## ACTION ITEM
Go to the line below containing "Shot from the movie" and print exactly from there through the line containing "3D Printed Dragon", both included. Print nothing else.

======== DATA SHOWN ========

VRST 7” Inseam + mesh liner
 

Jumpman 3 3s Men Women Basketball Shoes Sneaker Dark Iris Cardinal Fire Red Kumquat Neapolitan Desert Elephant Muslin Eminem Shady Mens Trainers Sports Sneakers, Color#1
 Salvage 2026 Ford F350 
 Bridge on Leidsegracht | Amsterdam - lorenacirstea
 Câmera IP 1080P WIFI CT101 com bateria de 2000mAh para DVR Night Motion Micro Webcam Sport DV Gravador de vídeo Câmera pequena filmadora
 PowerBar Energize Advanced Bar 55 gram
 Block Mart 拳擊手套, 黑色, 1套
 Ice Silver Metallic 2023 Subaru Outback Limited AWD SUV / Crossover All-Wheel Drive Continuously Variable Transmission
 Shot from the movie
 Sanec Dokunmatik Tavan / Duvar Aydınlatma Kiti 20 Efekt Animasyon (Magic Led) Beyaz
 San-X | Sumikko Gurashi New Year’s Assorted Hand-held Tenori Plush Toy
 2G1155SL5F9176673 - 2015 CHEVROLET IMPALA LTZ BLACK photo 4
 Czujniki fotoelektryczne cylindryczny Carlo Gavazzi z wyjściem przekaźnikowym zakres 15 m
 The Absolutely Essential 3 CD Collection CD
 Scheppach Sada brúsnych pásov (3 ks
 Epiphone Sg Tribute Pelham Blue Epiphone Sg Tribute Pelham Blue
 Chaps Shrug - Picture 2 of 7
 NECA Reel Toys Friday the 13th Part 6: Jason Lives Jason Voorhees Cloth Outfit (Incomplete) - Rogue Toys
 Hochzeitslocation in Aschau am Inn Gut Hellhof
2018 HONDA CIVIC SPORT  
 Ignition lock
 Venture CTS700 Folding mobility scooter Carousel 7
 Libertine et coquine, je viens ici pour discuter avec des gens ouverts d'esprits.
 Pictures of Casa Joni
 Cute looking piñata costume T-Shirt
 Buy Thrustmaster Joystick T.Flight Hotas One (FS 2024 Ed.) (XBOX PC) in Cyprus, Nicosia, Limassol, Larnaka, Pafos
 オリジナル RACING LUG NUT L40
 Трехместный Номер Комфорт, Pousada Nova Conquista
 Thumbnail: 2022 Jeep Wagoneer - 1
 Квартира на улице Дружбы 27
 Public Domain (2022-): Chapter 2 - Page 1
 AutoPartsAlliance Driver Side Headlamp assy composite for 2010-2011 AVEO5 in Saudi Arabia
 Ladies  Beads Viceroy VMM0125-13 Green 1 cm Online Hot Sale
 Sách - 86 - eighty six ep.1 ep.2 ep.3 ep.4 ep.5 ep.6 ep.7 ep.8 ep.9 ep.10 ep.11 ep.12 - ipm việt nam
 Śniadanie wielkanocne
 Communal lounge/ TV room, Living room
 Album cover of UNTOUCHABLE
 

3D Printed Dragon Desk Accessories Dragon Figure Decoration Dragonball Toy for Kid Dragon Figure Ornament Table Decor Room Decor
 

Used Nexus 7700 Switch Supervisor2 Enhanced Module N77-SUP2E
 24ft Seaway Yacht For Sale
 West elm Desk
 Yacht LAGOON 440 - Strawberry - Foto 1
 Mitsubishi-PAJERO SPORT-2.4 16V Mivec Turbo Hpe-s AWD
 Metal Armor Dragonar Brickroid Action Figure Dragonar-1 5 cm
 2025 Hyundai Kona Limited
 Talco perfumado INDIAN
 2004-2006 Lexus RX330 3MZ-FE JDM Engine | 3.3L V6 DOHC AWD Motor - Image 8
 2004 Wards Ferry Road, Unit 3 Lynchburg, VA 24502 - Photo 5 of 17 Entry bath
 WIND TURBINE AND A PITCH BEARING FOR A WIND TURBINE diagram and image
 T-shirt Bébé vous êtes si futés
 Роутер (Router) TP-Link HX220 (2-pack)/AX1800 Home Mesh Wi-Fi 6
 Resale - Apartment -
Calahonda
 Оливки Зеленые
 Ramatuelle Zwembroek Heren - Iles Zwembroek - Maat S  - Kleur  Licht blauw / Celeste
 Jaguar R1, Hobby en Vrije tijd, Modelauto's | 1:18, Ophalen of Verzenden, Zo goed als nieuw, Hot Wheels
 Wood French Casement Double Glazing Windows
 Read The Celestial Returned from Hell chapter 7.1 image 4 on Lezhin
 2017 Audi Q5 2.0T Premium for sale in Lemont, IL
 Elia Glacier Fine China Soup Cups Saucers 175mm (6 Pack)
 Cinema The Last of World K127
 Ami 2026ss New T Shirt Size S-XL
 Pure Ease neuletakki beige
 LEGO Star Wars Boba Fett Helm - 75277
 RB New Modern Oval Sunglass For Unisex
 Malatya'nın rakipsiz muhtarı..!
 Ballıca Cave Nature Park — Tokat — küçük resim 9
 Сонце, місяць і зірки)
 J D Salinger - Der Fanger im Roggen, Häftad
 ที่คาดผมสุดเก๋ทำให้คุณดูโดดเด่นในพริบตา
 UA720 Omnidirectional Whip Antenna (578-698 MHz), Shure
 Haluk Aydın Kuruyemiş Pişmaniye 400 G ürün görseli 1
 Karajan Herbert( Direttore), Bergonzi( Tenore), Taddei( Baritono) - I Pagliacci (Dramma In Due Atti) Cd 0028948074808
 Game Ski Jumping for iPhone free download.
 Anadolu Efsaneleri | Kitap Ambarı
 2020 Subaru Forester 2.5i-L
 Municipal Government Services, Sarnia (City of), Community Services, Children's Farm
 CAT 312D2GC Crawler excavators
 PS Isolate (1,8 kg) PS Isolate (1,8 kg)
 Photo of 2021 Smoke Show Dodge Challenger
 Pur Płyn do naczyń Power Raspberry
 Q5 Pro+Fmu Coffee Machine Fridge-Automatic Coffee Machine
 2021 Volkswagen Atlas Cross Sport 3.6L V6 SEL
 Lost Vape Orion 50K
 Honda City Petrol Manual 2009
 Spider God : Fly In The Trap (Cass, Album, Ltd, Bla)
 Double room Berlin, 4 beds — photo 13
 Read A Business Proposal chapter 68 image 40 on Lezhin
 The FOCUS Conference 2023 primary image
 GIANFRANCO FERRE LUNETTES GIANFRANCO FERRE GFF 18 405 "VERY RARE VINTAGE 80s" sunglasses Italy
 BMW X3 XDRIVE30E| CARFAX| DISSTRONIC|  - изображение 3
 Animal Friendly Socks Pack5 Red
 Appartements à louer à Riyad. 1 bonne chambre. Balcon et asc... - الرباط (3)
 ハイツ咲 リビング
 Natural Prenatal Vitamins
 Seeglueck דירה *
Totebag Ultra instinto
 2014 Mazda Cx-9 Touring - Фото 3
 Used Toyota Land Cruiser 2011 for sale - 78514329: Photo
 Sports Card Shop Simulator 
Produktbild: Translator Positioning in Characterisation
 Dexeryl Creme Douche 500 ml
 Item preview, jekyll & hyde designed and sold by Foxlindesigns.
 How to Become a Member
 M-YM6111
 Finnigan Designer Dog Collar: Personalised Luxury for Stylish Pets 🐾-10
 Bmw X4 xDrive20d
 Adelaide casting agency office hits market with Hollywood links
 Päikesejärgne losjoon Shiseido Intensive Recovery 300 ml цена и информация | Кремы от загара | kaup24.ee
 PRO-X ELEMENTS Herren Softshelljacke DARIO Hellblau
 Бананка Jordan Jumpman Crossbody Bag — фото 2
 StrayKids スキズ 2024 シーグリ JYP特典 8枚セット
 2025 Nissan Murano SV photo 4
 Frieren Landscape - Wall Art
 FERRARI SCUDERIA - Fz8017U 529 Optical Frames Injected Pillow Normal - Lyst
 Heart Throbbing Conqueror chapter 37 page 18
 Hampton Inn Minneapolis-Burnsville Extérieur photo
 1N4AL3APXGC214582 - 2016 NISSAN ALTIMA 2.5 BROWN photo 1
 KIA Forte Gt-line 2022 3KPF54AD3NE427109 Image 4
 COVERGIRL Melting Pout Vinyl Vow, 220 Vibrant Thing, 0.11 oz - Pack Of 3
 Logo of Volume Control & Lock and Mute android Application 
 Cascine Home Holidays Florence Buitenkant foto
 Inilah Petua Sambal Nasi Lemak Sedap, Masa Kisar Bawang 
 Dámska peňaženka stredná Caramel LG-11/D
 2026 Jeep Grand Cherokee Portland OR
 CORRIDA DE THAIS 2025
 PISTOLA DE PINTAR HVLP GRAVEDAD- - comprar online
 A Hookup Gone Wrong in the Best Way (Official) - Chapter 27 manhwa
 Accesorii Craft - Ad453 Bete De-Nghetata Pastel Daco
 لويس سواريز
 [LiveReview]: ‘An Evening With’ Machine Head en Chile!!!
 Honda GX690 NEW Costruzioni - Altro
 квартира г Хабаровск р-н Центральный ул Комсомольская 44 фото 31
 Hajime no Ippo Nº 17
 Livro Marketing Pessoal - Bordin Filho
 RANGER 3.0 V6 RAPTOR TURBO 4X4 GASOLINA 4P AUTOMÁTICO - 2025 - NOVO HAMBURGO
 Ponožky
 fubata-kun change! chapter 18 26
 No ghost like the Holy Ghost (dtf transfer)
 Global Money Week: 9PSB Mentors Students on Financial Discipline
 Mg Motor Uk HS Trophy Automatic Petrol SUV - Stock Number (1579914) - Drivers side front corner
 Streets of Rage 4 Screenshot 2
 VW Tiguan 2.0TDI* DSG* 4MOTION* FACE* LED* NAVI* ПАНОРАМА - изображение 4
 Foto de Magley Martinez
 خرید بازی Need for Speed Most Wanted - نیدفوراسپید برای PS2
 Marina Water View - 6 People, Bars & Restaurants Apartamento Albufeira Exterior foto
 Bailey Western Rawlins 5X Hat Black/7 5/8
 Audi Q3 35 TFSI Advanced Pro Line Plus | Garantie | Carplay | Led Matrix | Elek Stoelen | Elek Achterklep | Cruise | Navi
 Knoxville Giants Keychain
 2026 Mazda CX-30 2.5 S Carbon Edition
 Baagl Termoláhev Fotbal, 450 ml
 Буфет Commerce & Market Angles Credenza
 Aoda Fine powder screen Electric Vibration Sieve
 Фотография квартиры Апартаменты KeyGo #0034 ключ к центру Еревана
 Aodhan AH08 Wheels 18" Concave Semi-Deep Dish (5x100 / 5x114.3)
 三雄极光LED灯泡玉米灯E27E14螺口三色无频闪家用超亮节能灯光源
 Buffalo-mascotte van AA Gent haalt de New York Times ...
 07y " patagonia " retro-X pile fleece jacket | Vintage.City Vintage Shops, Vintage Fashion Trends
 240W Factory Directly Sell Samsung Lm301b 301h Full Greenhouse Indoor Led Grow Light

========

## RESPONSE TO THE EXERCISE
 Shot from the movie
 Sanec Dokunmatik Tavan / Duvar Aydınlatma Kiti 20 Efekt Animasyon (Magic Led) Beyaz
 San-X | Sumikko Gurashi New Year’s Assorted Hand-held Tenori Plush Toy
 2G1155SL5F9176673 - 2015 CHEVROLET IMPALA LTZ BLACK photo 4
 Czujniki fotoelektryczne cylindryczny Carlo Gavazzi z wyjściem przekaźnikowym zakres 15 m
 The Absolutely Essential 3 CD Collection CD
 Scheppach Sada brúsnych pásov (3 ks
 Epiphone Sg Tribute Pelham Blue Epiphone Sg Tribute Pelham Blue
 Chaps Shrug - Picture 2 of 7
 NECA Reel Toys Friday the 13th Part 6: Jason Lives Jason Voorhees Cloth Outfit (Incomplete) - Rogue Toys
 Hochzeitslocation in Aschau am Inn Gut Hellhof
2018 HONDA CIVIC SPORT  
 Ignition lock
 Venture CTS700 Folding mobility scooter Carousel 7
 Libertine et coquine, je viens ici pour discuter avec des gens ouverts d'esprits.
 Pictures of Casa Joni
 Cute looking piñata costume T-Shirt
 Buy Thrustmaster Joystick T.Flight Hotas One (FS 2024 Ed.) (XBOX PC) in Cyprus, Nicosia, Limassol, Larnaka, Pafos
 オリジナル RACING LUG NUT L40
 Трехместный Номер Комфорт, Pousada Nova Conquista
 Thumbnail: 2022 Jeep Wagoneer - 1
 Квартира на улице Дружбы 27
 Public Domain (2022-): Chapter 2 - Page 1
 AutoPartsAlliance Driver Side Headlamp assy composite for 2010-2011 AVEO5 in Saudi Arabia
 Ladies  Beads Viceroy VMM0125-13 Green 1 cm Online Hot Sale
 Sách - 86 - eighty six ep.1 ep.2 ep.3 ep.4 ep.5 ep.6 ep.7 ep.8 ep.9 ep.10 ep.11 ep.12 - ipm việt nam
 Śniadanie wielkanocne
 Communal lounge/ TV room, Living room
 Album cover of UNTOUCHABLE
 

3D Printed Dragon Desk Accessories Dragon Figure Decoration Dragonball Toy for Kid Dragon Figure Ornament Table Decor Room Decor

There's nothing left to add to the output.